114. The Enactment of the Parliament Bill, 1911.—The appeal to the country, in December, yielded results all but exactly identical with those of the elections of the previous January. The Government secured a majority of 127, and in the new parliament, which met February 6, the Parliament Bill was reintroduced without alteration. On the ground that the measure had been submitted specifically to the people and had been approved by them, the ministry demanded its early enactment by the two houses. May 15 the bill passed its third reading in the Commons by a vote of 362 to 241. During the committee stage upwards of one thousand amendments were suggested. But the Government stood firm for the instrument as originally drawn and, while it accepted a few incidental changes, in the end it got essentially its own way.

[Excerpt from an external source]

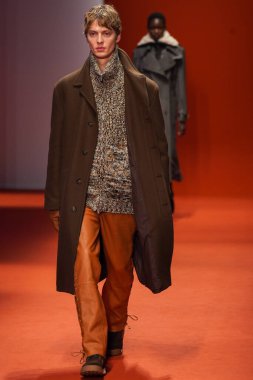 MILAN, İTALYA - 25 Şubat 2022 'de Milan Moda Haftası / Kış 2023' te İtalya 'nın Milano kentinde Tod defilesinde bir model podyumda yürüyor..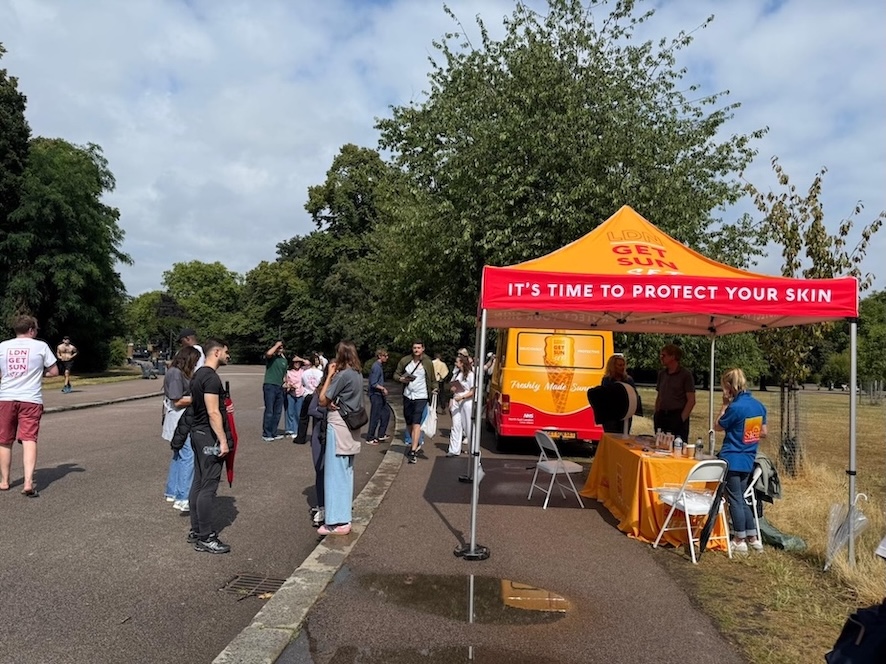 A gazebo is in a park with the words It's Time To Protect Your Skin on it and crowds of people are gathered near it.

Meanwhile, early in May, Lord Lansdowne introduced in the upper chamber a comprehensive bill which put in form for legislation the programme of reconstruction to which the more moderate elements in that chamber were ready, under the circumstances, to subscribe. The Lansdowne Reconstruction Bill proposed, at the outset, a reduction of the membership of the chamber to 350. Princes of the blood and the two archbishops should retain membership, but the number of bishops entitled to sit should be reduced to five, these to be chosen triennially by the whole body of higher prelates upon the principle of proportional representation. The remainder of the membership should comprise lords of parliament, as follows: (1) 100 elected from the peers possessing carefully stipulated qualifications, for a term of twelve years, on the principle of proportional representation, by the whole body of hereditary peers (including the Scotch and Irish), one-fourth of the number retiring triennially; (2) 120 members chosen by electoral colleges composed of members of the House of Commons divided for the purpose into local groups, each returning from three to twelve, under conditions of tenure similar to those prevailing in the first class; and (3) 100 appointed, from the peerage or outside, by the crown on nomination by the premier, with regard to the strength of parties in the House of Commons, and under the before-mentioned conditions of tenure. It was stipulated, further, that peers not sitting in the House of Lords should be eligible for election to the House of Commons, and that, except in event of the "indispensable" elevation of a cabinet minister or ex-minister to the peerage, it should be unlawful for the crown to confer the dignity of an hereditary peerage upon more than five persons during the course of any single year.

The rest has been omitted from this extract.